What the task asks — Text only, exactly as given: reproduce the entries below without their pictures.

Records for this task —
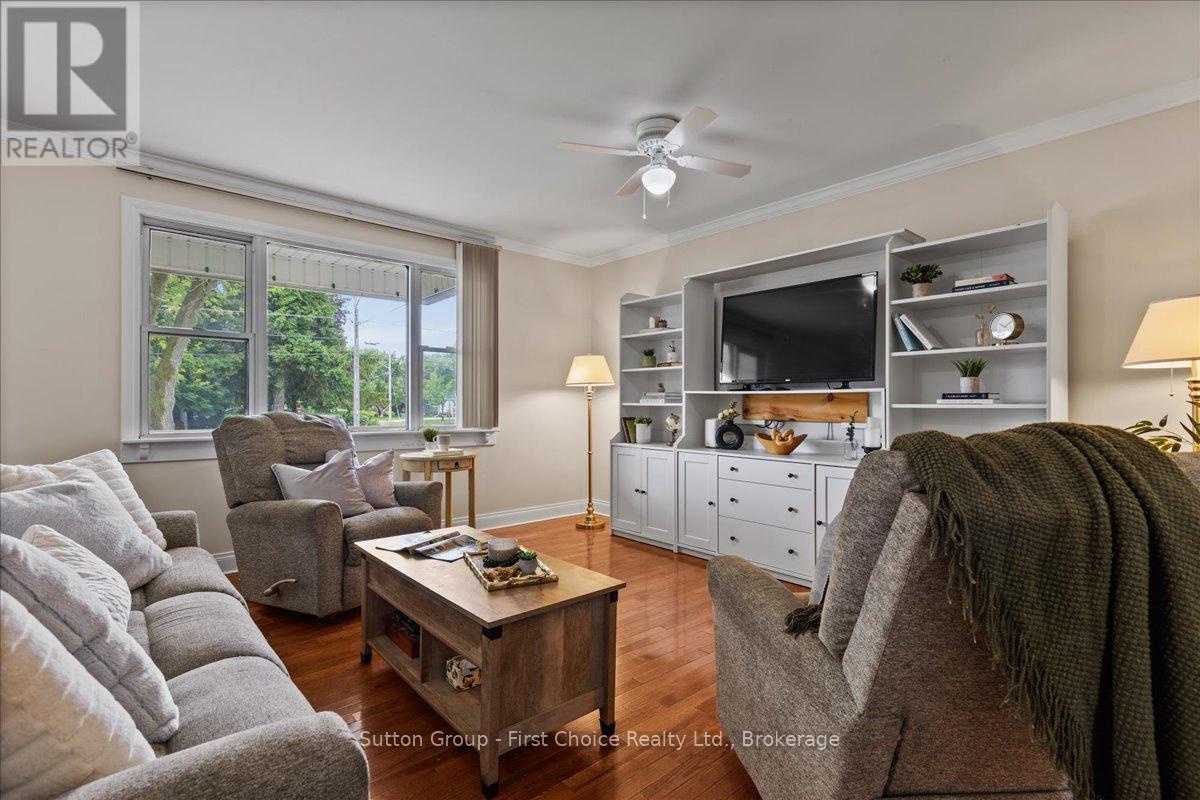 113 Whitelock Street S, Stratford, Ontario  N5A 1T2 - Photo 9 - X12242936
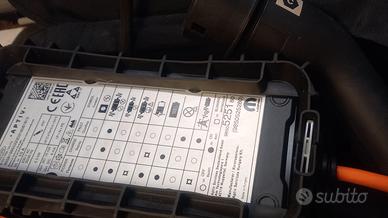 carica batteria per auto elettrica 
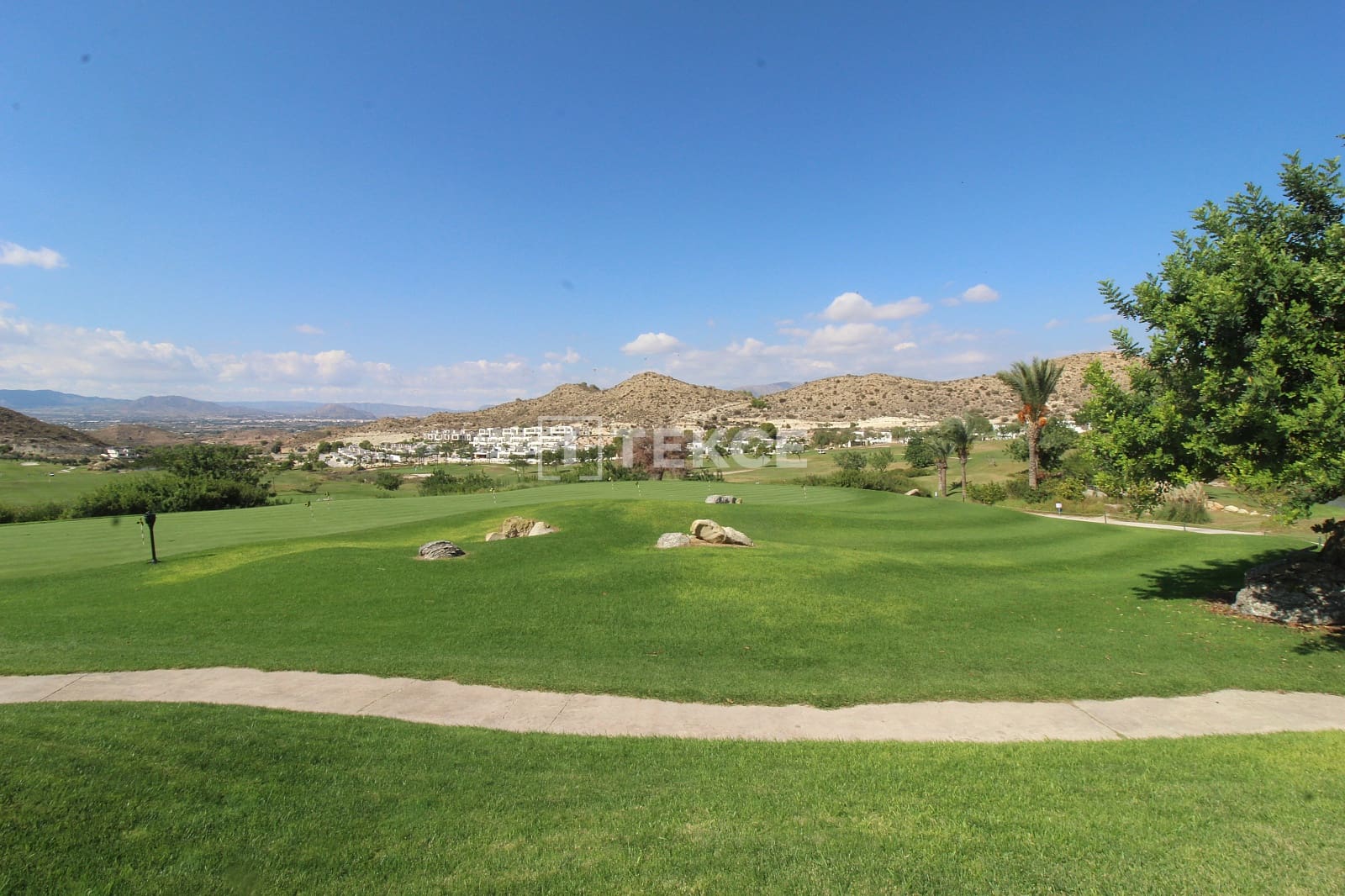 2 bedroom Flat for sale in Monforte del Cid with pool - € 395,000 (Ref: 8966089)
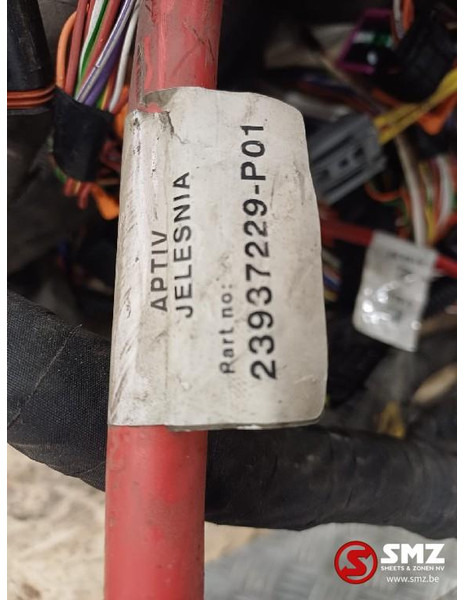 Renault Occ lot kabelbomen chassis + cabine Renault - Cables/ Wire harness for Truck: picture 3 Renault Occ lot kabelbomen chassis + cabine Renault - Cables/ Wire harness for Truck: picture 3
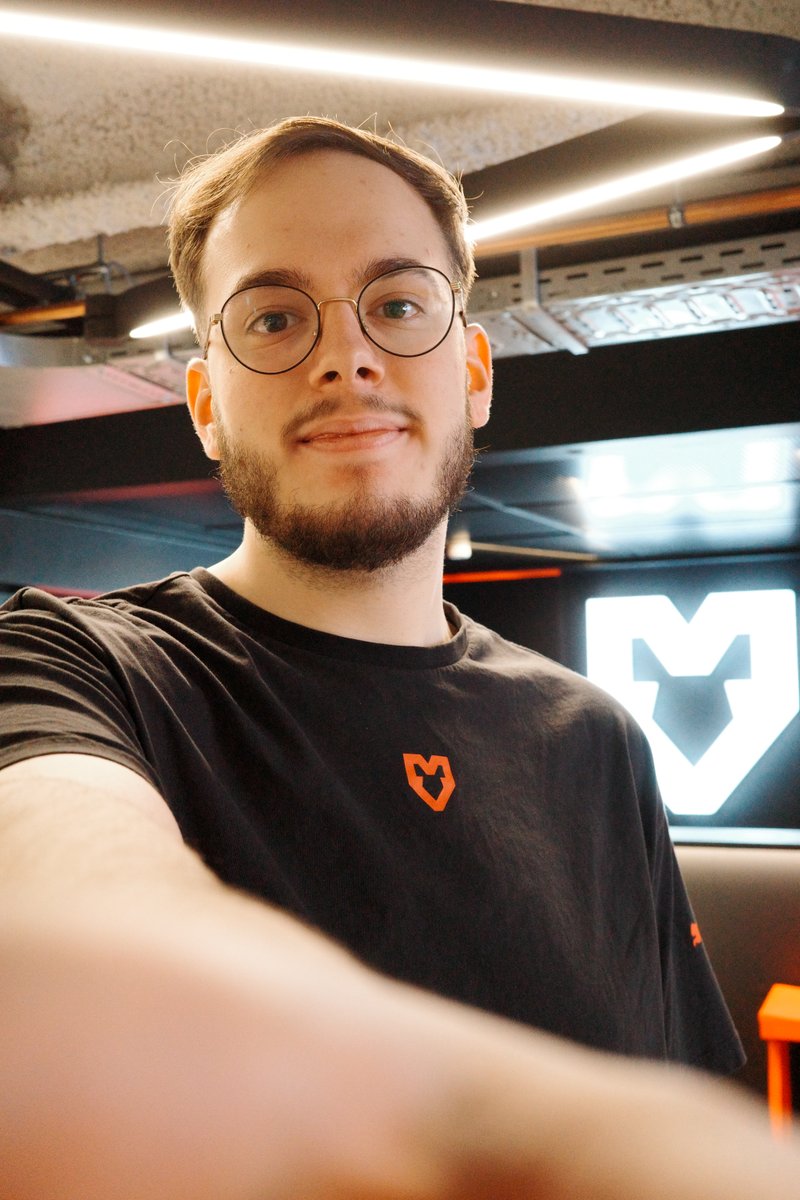 WE WANT YOU 🫵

Reply —
 113 Whitelock Street S, Stratford, Ontario  N5A 1T2 - Photo 9 - X12242936
 carica batteria per auto elettrica 
 2 bedroom Flat for sale in Monforte del Cid with pool - € 395,000 (Ref: 8966089)
 Renault Occ lot kabelbomen chassis + cabine Renault - Cables/ Wire harness for Truck: picture 3 Renault Occ lot kabelbomen chassis + cabine Renault - Cables/ Wire harness for Truck: picture 3
 WE WANT YOU 🫵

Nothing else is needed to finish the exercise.